▸ Your instructions:
Your task is to copy the lines of the data below from the line holding "프로세스의 진정한 주인이 되라" through the line holding "端午节一岁一端午，粽香时安康。", inclusive, exactly and with nothing added.

▸ Information provided:
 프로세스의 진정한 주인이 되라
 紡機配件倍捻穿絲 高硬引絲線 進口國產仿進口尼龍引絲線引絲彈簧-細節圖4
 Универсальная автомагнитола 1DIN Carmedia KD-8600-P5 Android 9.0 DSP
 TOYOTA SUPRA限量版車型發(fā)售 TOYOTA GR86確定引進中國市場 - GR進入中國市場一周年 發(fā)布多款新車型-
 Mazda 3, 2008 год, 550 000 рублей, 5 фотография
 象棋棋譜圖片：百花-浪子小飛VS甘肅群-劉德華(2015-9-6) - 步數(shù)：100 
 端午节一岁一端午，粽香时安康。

---

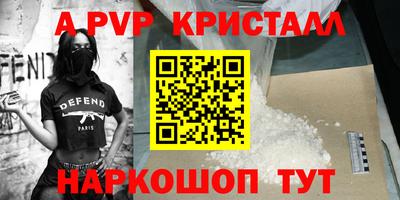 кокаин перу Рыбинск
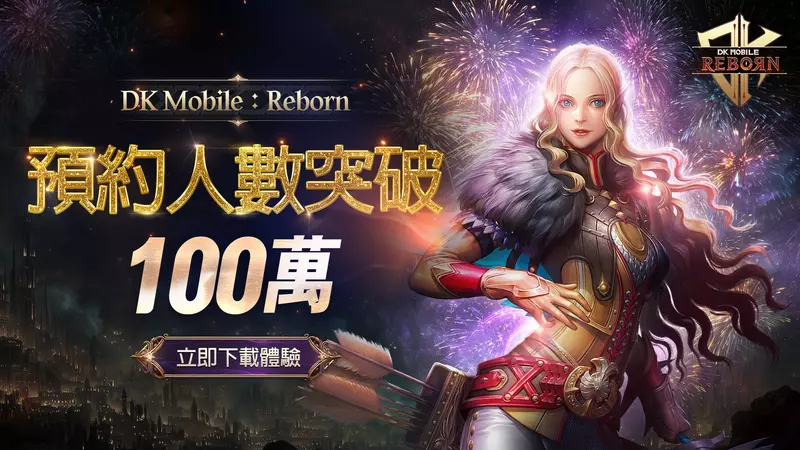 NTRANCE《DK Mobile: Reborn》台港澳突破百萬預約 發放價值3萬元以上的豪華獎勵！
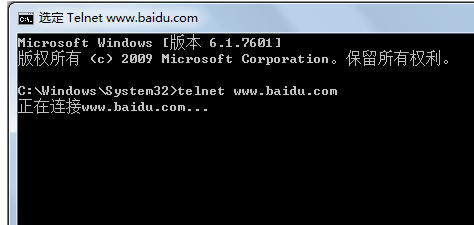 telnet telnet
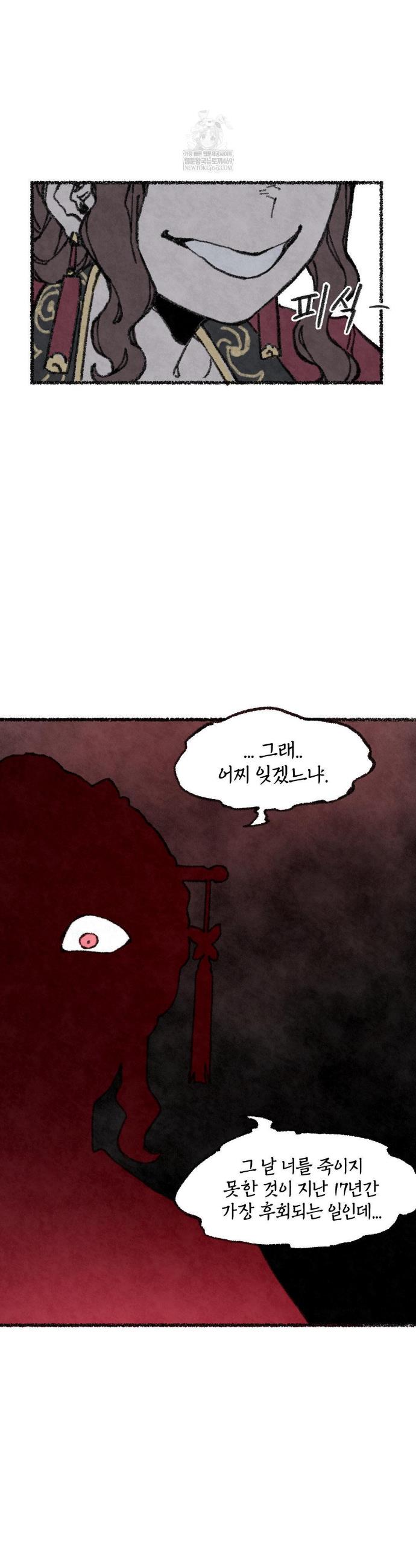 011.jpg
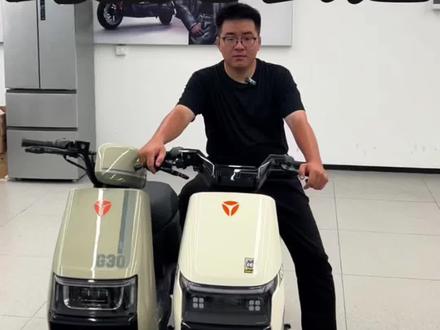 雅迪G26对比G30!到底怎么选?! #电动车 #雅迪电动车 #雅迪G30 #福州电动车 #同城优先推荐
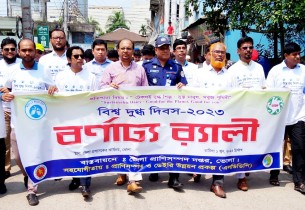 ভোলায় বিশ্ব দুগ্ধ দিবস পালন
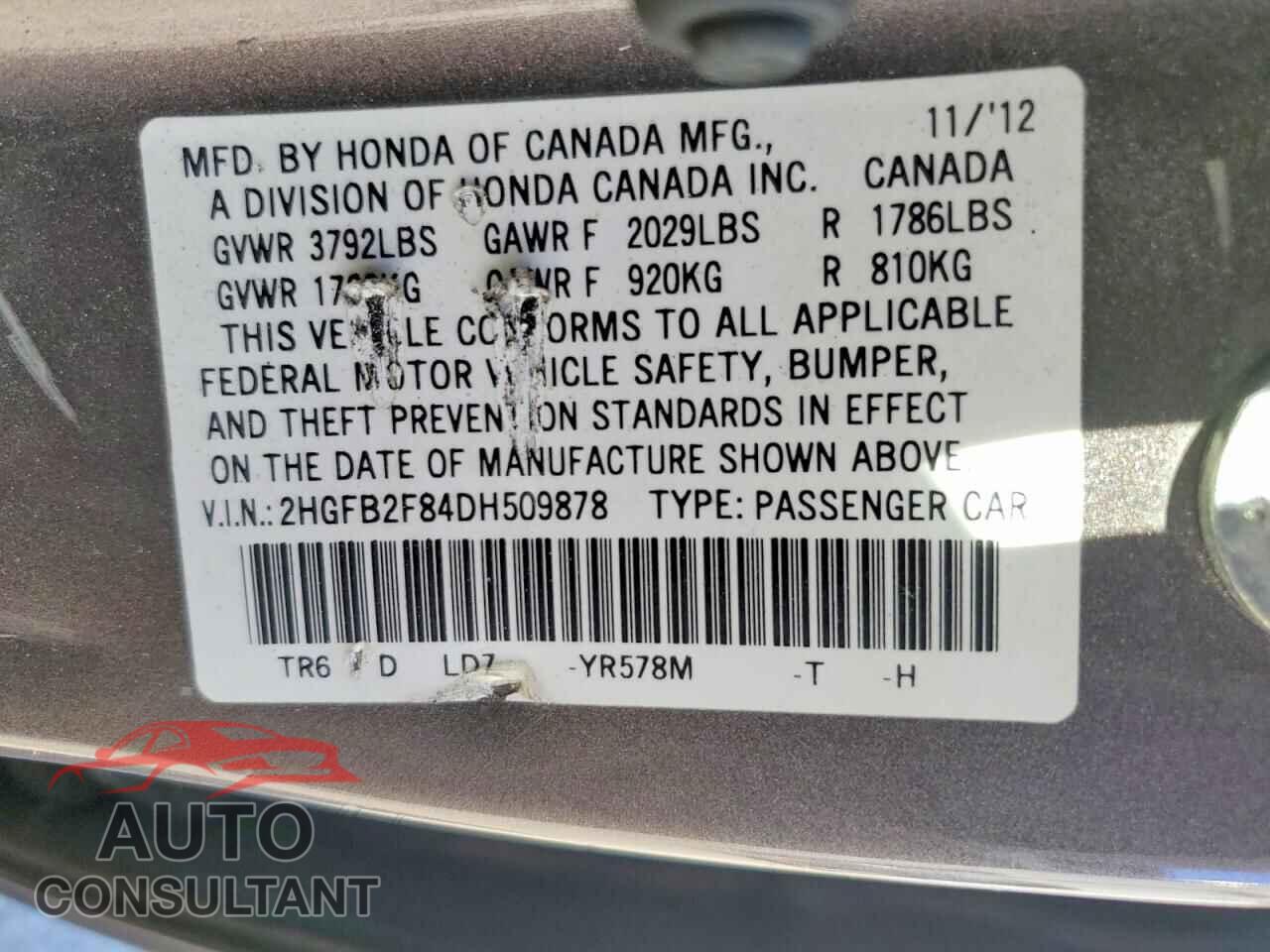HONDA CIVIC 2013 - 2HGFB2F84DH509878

* * *

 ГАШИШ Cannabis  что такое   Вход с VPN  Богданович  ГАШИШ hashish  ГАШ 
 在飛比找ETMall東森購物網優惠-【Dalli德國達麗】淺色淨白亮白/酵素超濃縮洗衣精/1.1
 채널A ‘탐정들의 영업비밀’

▸ Task result:
 프로세스의 진정한 주인이 되라
 紡機配件倍捻穿絲 高硬引絲線 進口國產仿進口尼龍引絲線引絲彈簧-細節圖4
 Универсальная автомагнитола 1DIN Carmedia KD-8600-P5 Android 9.0 DSP
 TOYOTA SUPRA限量版車型發(fā)售 TOYOTA GR86確定引進中國市場 - GR進入中國市場一周年 發(fā)布多款新車型-
 Mazda 3, 2008 год, 550 000 рублей, 5 фотография
 象棋棋譜圖片：百花-浪子小飛VS甘肅群-劉德華(2015-9-6) - 步數(shù)：100 
 端午节一岁一端午，粽香时安康。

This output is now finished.